Allow me to translate this bit of Democratese: "Newspapers are the lapdogs who never hold Democrats accountable and act as a cheerleader for the criminal elements in Democrat politics."
Tears over closing the buggy-whip factory. Getting news the next morning is getting news late in today’s world.
The paper in my town went from 2 editions daily to just two insanely thin sections (Section B is just sports and classifieds)with the front page half taken up with some cut and paste Washington Post story that is wholly irrelevant to anything local.
>>And without that, it’s very difficult for a community to maintain its sense of self.
Local radio, tv, and newspapers are all gone.
All that’s left are entertainment/real estate developer rags.
And real estate investment is no longer local either, whether they live out of town, out of state, or another country, they have no ties to the community apart from the politicians they sponsor for the deals they want (whether than is zoning changes, liquor permits, etc.)
I agree that it is a problem in that nobody else has really picked up the ball to cover what your local school boards and town councils are up to. They have the power to tax, which is the power to destroy. And they are manned, as George Carlin wisely observed, by people whose darkest secrets prevent them from seeking higher office. With no eyeballs on them I suspect the level of mischief will get cranked-up from an 8 to an 11.
But I don’t know what the answer is.

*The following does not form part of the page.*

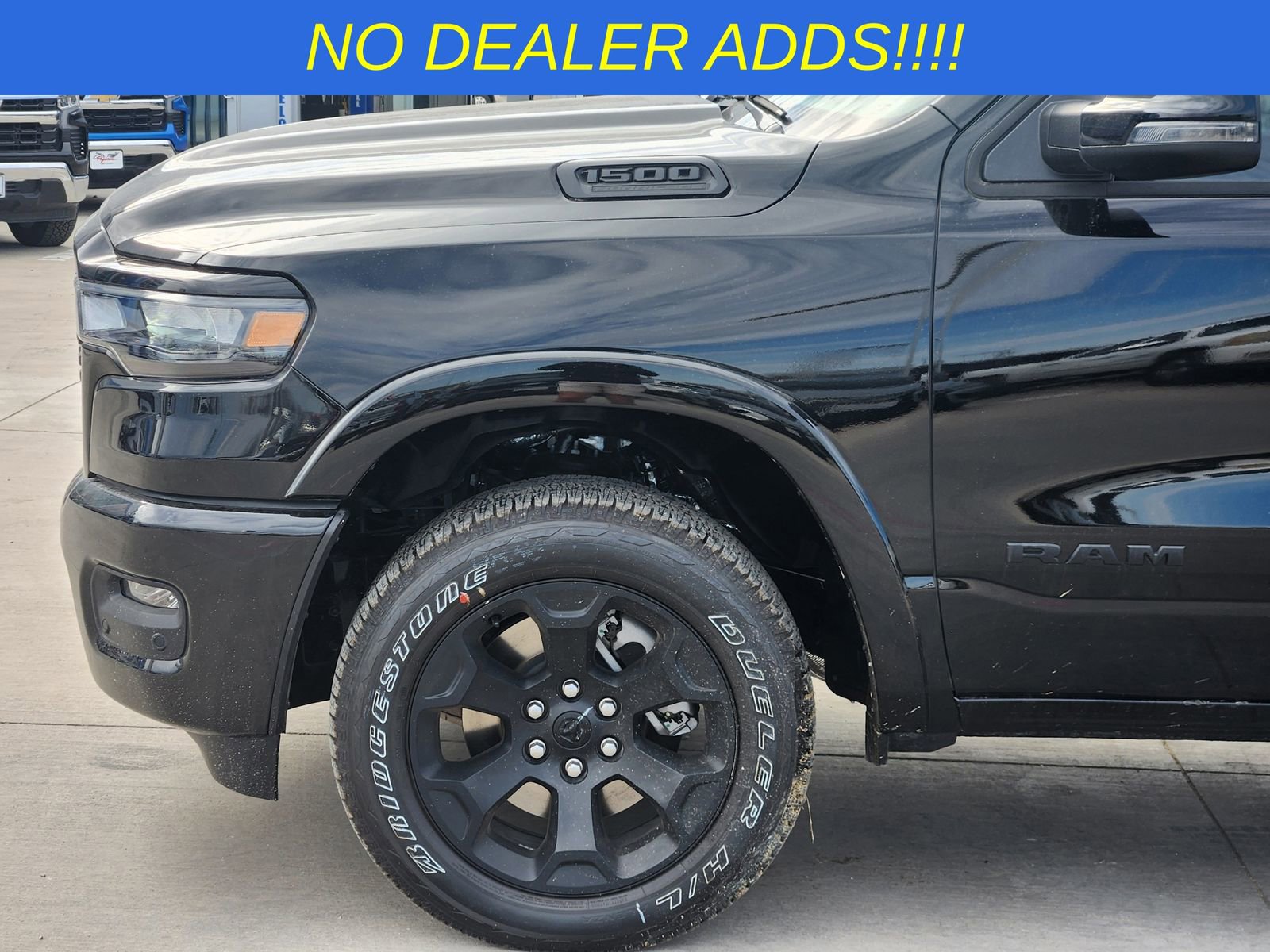 New 2026 RAM 1500 Lone Star image 10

Certainly not public subsidies for newspapers, which is something many articles like this are arguing for.
Print newspapers are dying everywhere. Children and young people get their news over the Internet. Newspapers get 80% of their income from advertising. This money is now moving to the internet. The only way for newspapers to survive is to go digital online. Otherwise they will perish.
The Papers responded by ripping business even more accelerating the vicious cycle and the final result is what we are seeing here.
The solution is pro-business Media that does not attack Business unless there is absolutely no defending what a business has done.
I'm sorry to say that the media will have to implode before it can realize its fiasco.
Newspapers have become reliable activists for the Left Wing and totally unreliable for providing fair and balanced NEWS. Hmmm, what went wrong?
Businesses go under all the time. Why should anyone other than the employees care if some 4th tier propaganda organ fails?
Sorry weasel but trying to tie closing a Democrat propaganda machine to closing an auto plant to help gin up sympathy for our enemies in the media is a non-starter. How do I know the paper is a Democrat propaganda machine? You did say it was a newspaper right? Go away. I don’t have any sympathy for my enemies.